Figure 2.1 illustrates the Query data model representation of a simple XML document. Nodes are represented by circles labeled D for document nodes, E for element nodes, A for attribute nodes, and T for text nodes. The XML document represented by Figure 2.1 is shown in Listing 2.1:
Listing 2.1 XML Document Represented by Figure 2.1
<?xml version="1.0" ?> <procedure title="Removing a light bulb"> <time unit="sec">15</time> <step>Grip bulb.</step> <step> Rotate it <warning>slowly</warning> counterclockwise. </step> </procedure>
Figure 2.1 Example of the Query Data Model
In the Query data model, each element or attribute node has a name, a string value, a type annotation, and a typed value. These properties are not independent. The type annotation of an element represents its type as determined by the schema validation process. An element that has not been validated, or for which no more specific type is known, has the type annotation xs:anyType, where xs: is a prefix representing the namespace of XML Schema. If an element has no descendant elements, then its typed value can be derived from its string value and its type annotation.

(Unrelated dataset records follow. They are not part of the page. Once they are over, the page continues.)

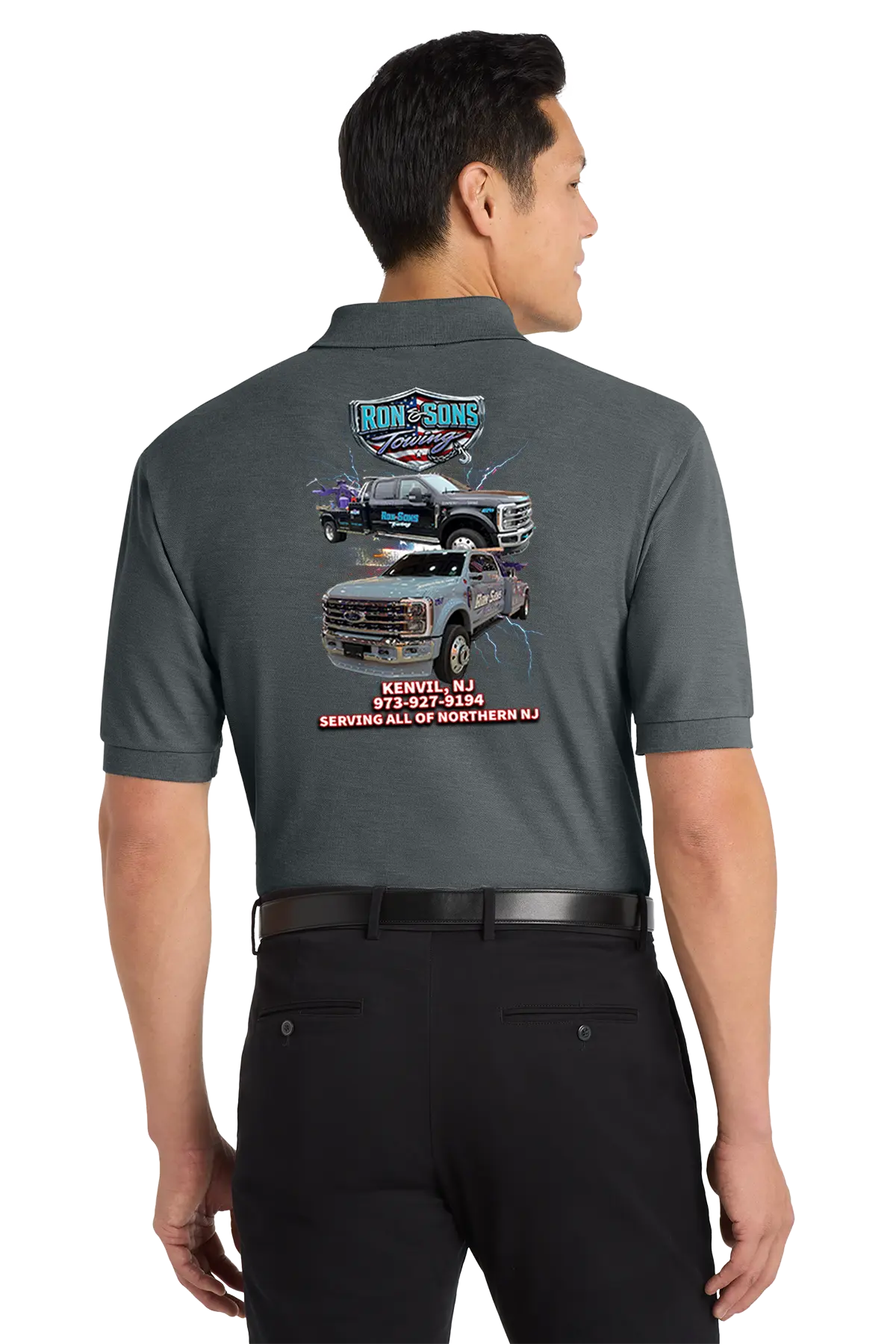 Person wearing a gray polo shirt with vehicle graphics and text on the back. Ron and Sons Towing, Paper Street Print Co, Blairstown, NJ.
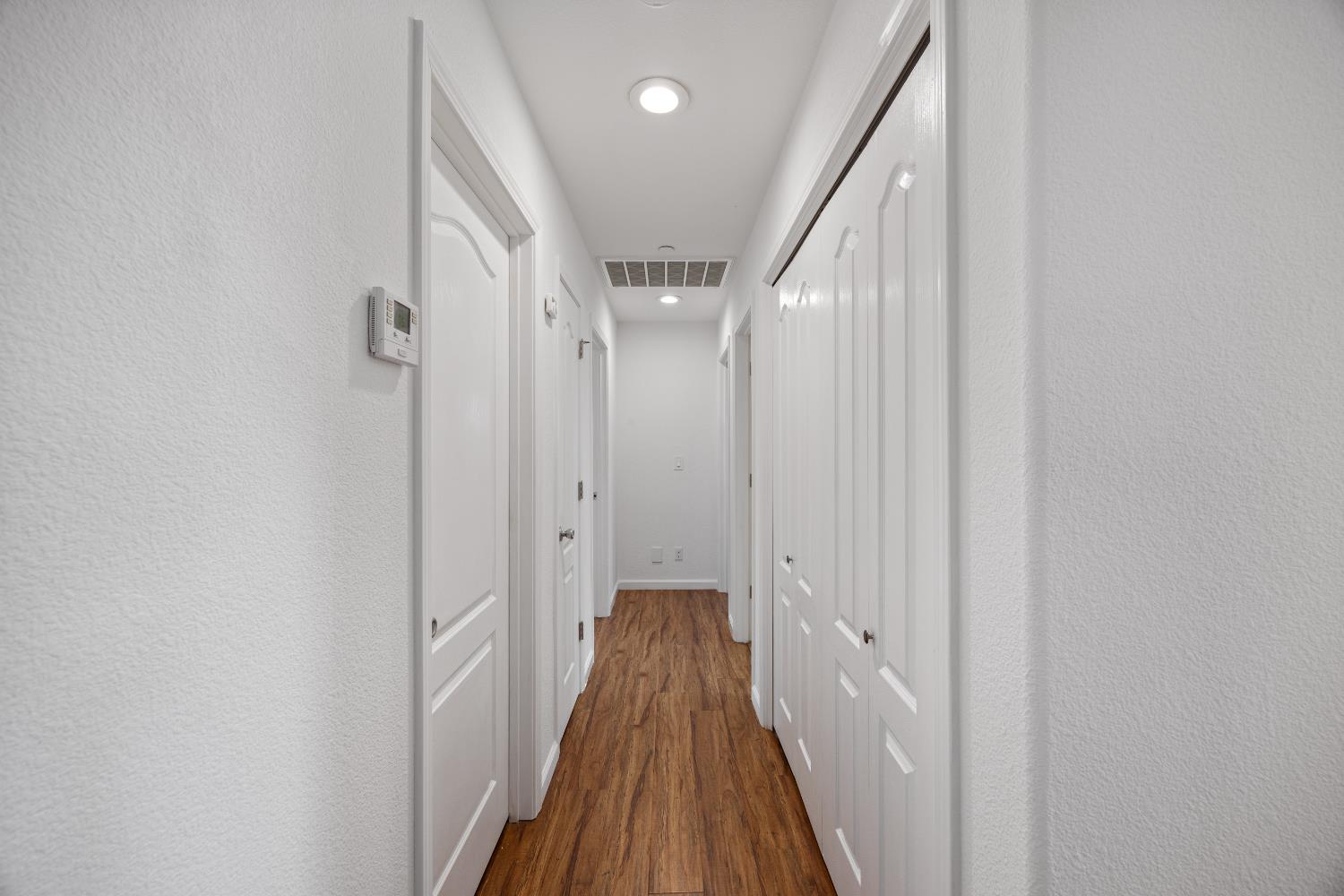 8009 Spring Valley Road Pollock Pines, CA 95726 - Photo 13 of 31 a view of a hallway with wooden floor and staircase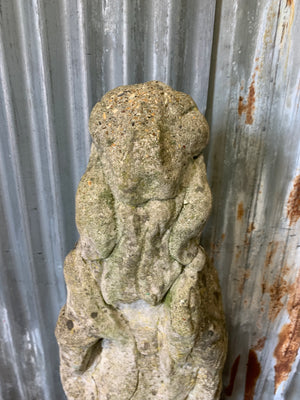 A cast stone garden statue of Guanyin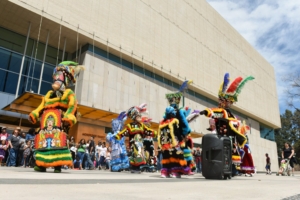 Dancers in colorful costumes perform at Dia del Nino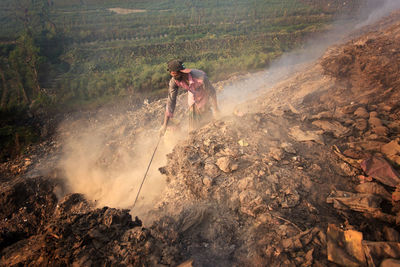 Man working at shore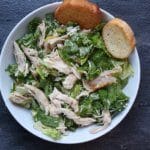 Rotisserie Chicken Caesar Salad is made by a pre-cooked rotisserie chicken, making dinner extra easy and fast! Plus this recipe comes with a simple, homemade Caesar salad dressing.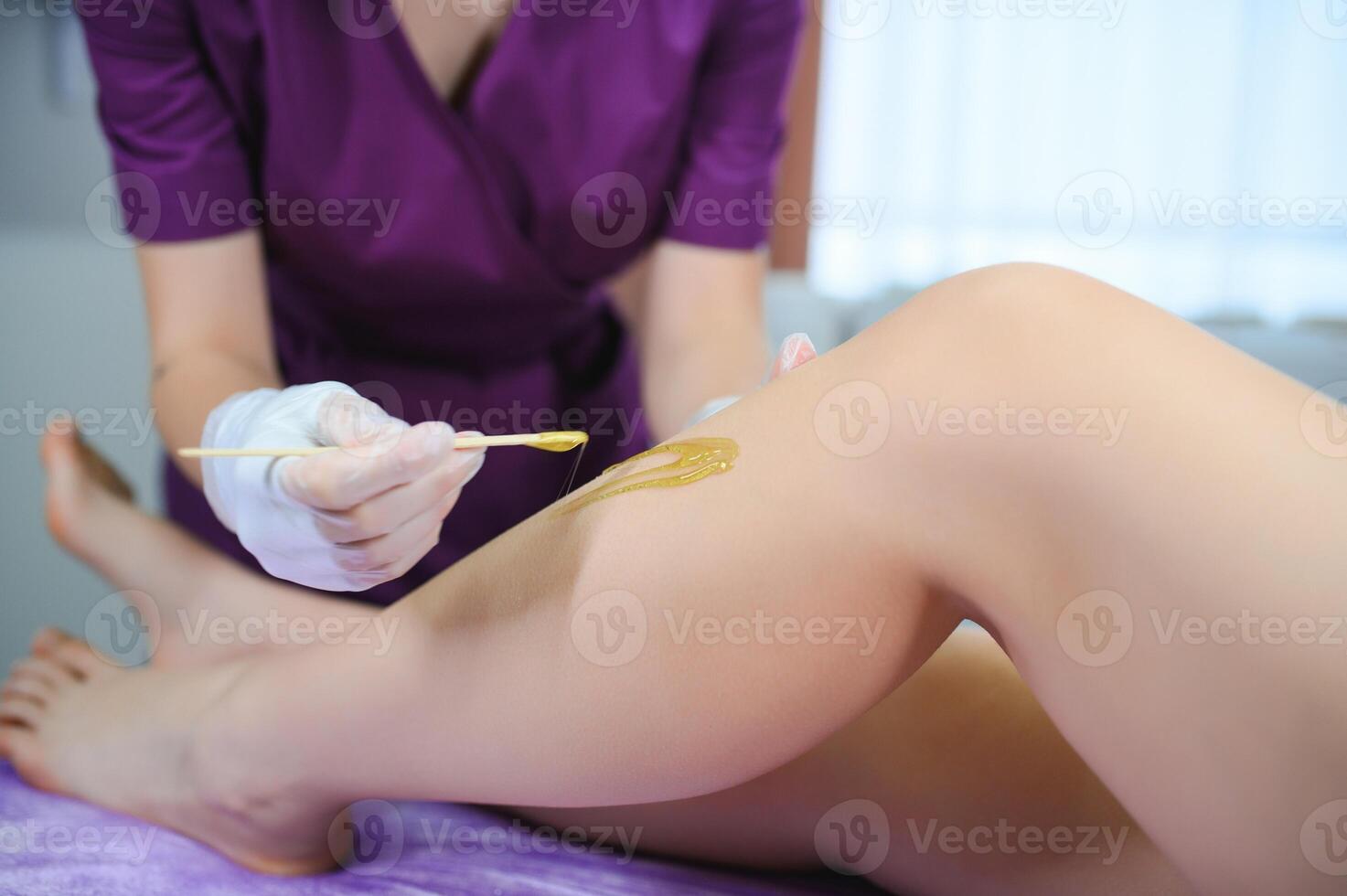 Sugaring epilation with liquate sugar at legs photo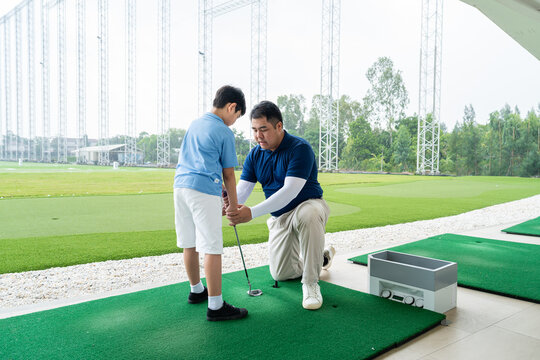 Junior Golf Lesson with a male golf coach kneeling beside an Asian boy to adjust his club position and stance on a practice mat at a driving range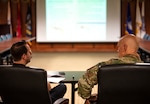 Maj. Gen. James O. Eifert, Florida's adjutant general, meets with Division of Emergency Management Director Jared Moskowitz, left, at Camp Blanding Joint Training Center's post headquarters to discuss the Florida National Guard's natural disaster response capabilities.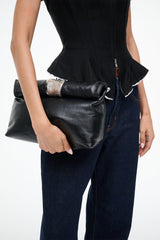 Black leather cuff clutch bag with rolled top flap and wrist strap, carried at front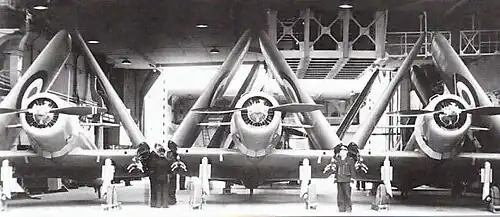 3 Vought V-156F français dans le hangar du porte-avions Béarn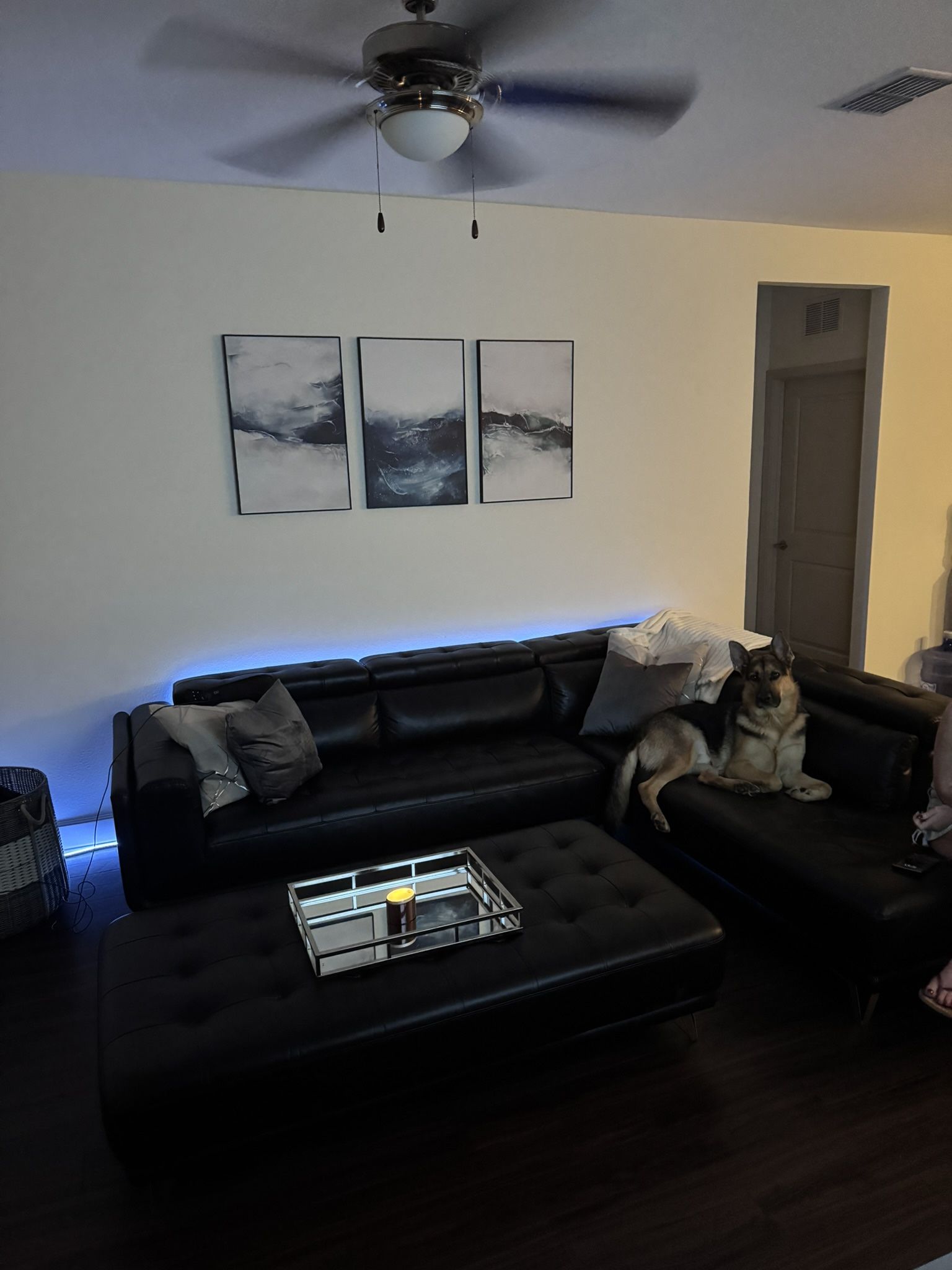 black leather sectional with ottoman .
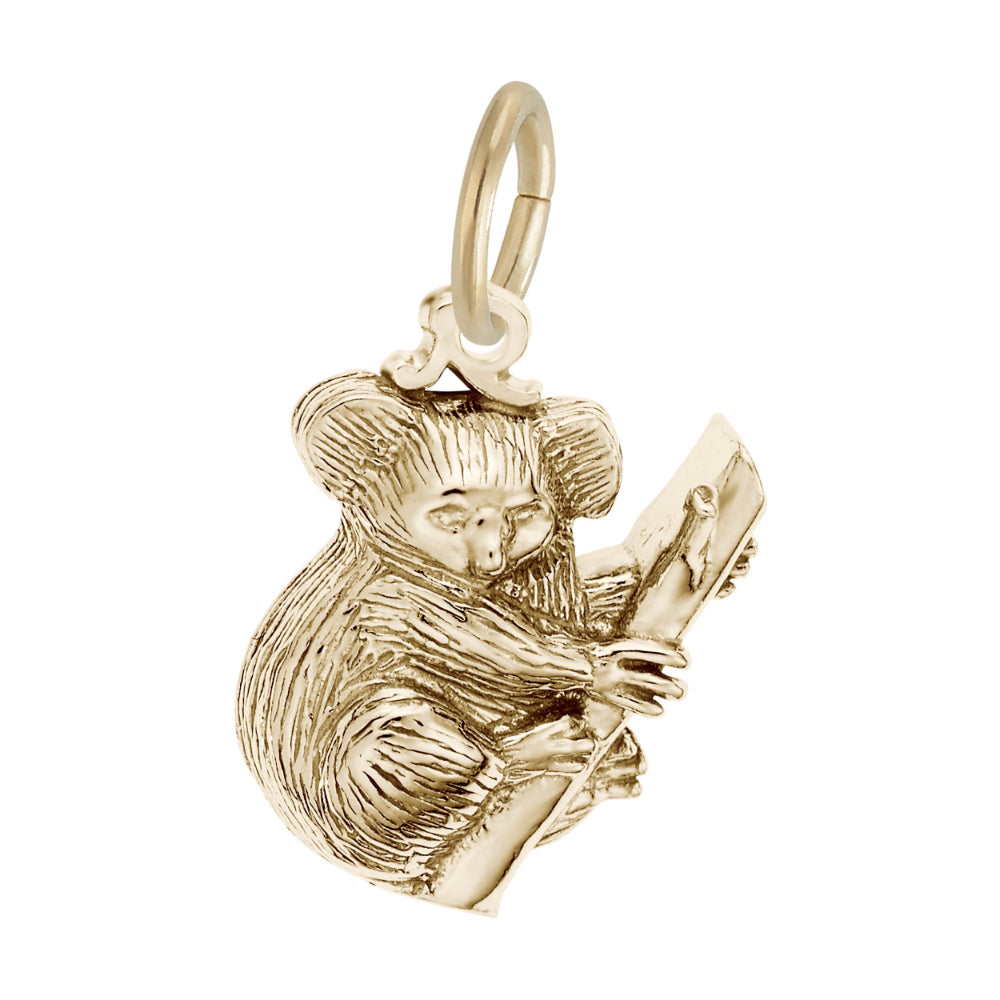 Gold koala bear charm holding a eucalyptus branch on a white background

Bear in mind that the type of an element describes the potential content of the element and does not depend on the name of the element. For example, two elements named cost and price could both have the type annotation decimal because they both require decimal content. Similarly, two elements named shipto and billto could both have the type annotation address, which might be a complex type defined in a schema that describes the potential content of the elements.
XQuery is defined as a transformation from one instance of the Query data model to another instance of the Query data model. This simplifies the definition of XQuery but leaves open the issues of where input data comes from and how output data is delivered to applications. A query gains access to input data by calling an XQuery input function such as document or collection, or by referencing some part of the external context (such as a prebound variable or "current node." Each of these input methods is defined to return a Query data model instance in the form of one or more node hierarchies. One way in which a node hierarchy could be created is by parsing an XML document, validating it against a known or default schema, and converting the resulting PSVI into the Query data model as described in [XQ-DM]. Another way is for a system to store XML documents in a pre-validated form so that their Query data model representation can be materialized quickly on demand. A third way is for the Query data model to be synthesized directly from some data source such as a relational database, deriving its type information from "metadata" in the database catalog.
The process of serializing a Query data model instance as a linear XML document remains unspecified at present. All XML documents can be represented using the Query data model, but not all instances of the Query data model are valid XML documents. For example, the result of a query might be a sequence of atomic values, or an attribute that is not attached to any element. Mechanisms for serializing these values and for binding them to variables in a host programming language remain to be specified.